All this just because some people got called "Apu" as a kid, too. But would that be a bad thing? Apu is probably the most empathetic and least stereotypical character in the show. To those ignorant for Apu's character, this may seem stupid, but definitly not to the people who have watched episodes like S7E23. In this episode, it depics him getting citizenship, and it's one of the most heartwarming episodes in The Simpsons. Apu is an important character in the show.
The positive aspects of Apu have been completely ignored for the documentary's agenda. He's more than just an accent, but a person we should all empathise with. I can't name a more likeable, friendly, hardworking character in the show. What I'm saying is that he's one of television's most human characters.

Getting rid of Apu would also show a huge bias. Why get rid of Apu and keep characters like Cletus and Luigi?

Letting the joke police in to censor the show is ruining comedy.


----------



## FAST6191 (Oct 30, 2018)

Lilith Valentine said:


> I love all of the "SJWs ruin everything posts!" over a character who hasn't been in the show for several seasons. Not to mention a character so minor that I am pretty sure no one even noticed he wasn't even there.
> They really didn't need to make this announcement, all it did was trigger all of the "anti-SJW" snowflakes. The reason they gave was stupid, but the fact that they gave a reason was even more stupid. He was very clearly not a popular enough character for people to even notice he was missing, they didn't need to give a better reason than that.


You like the SJW mindset?

Anyway if indeed said group of people got a character pulled, and in some regards this would appear to be from the horse's mouth as it were, for spurious or bad reasons (I have not seen the show for well over a decade at this point but back when it was very much a laughing with than laughing at and nobody has said that changed) then it makes sense to send some ire the way of said group.
I agree if you wanted to do the PR spin thing then this sort of thing is not a good plan, and outrage mobs are quite often boring but there seems to be some merit to this one.
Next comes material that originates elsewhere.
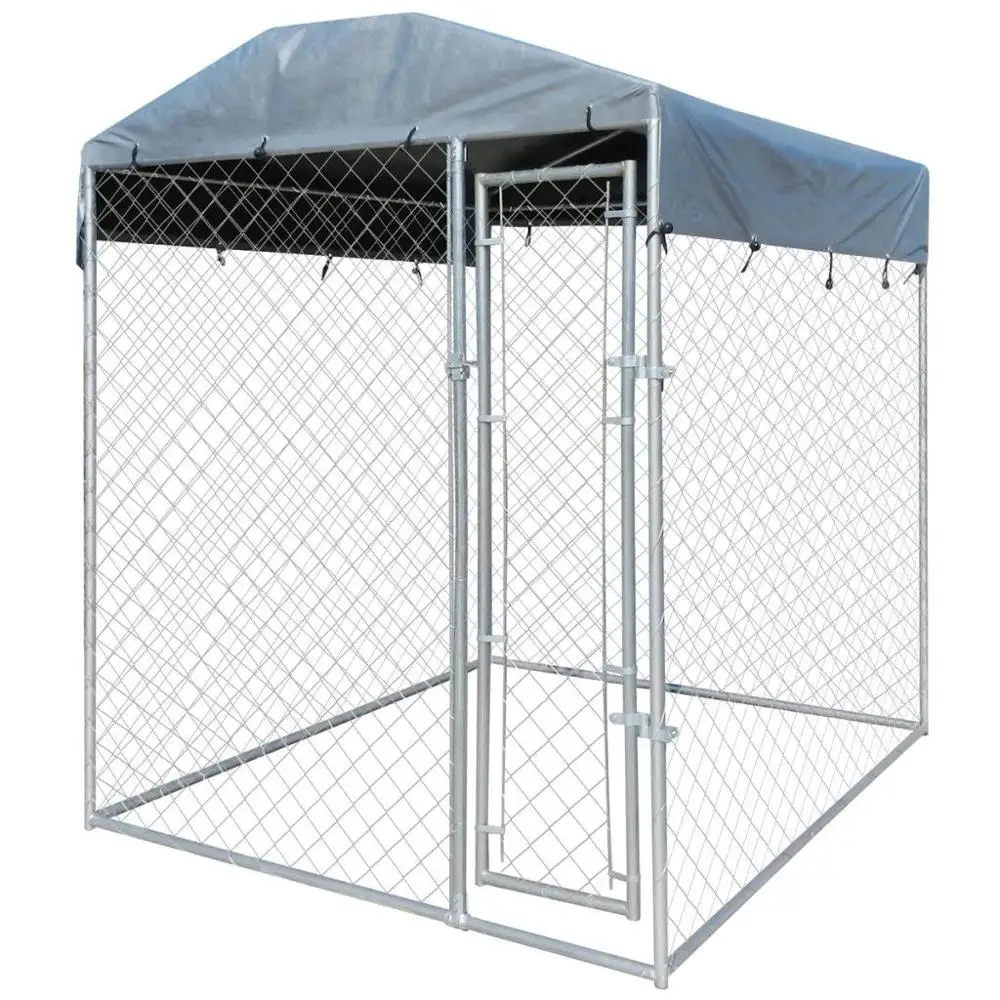 

Outdoor Dog Kennel Fence Heavy Duty Large with Canopy Top 6'x6' Galvanized Steel Frame and Mesh Lockable Latch System[US-Stock]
Also minor character? I am not sure how we measure this or if we have to consider recent seasons but as far as "classic simpsons" goes he was up there -- any number of arcs, central character in a lot of episodes, fully named, catchphrases, don't know about merch but I would be shocked if not, spines of DVDs


----------



## the_randomizer (Oct 30, 2018)

People need to grow a thicker skin and get over it. Period.


----------



## duwen (Oct 30, 2018)

South Park recently did a whole episode that was essentially poking fun at the whole Apu situation...


----------



## Kigiru (Oct 30, 2018)

> Actualy shown in pretty positive way character that is irreplaceable in-universe, with loving family and well working shop that is liked by most other characters.

> "Negative stereotypes".

This whole situation is a joke. People that probably never watched Simpsons are crying about it. But ehh, this is the big-picture problem with modern media that bends knee to people that are crying louder, instead of people that are actualy their customers.


----------



## KingVamp (Oct 30, 2018)

Lilith Valentine said:


> I love all of the "SJWs ruin everything posts!" over a character who hasn't been in the show for several seasons. Not to mention a character so minor that I am pretty sure no one even noticed he wasn't even there.
> They really didn't need to make this announcement, all it did was trigger all of the "anti-SJW" snowflakes. The reason they gave was stupid, but the fact that they gave a reason was even more stupid. He was very clearly not a popular enough character for people to even notice he was missing, they didn't need to give a better reason than that.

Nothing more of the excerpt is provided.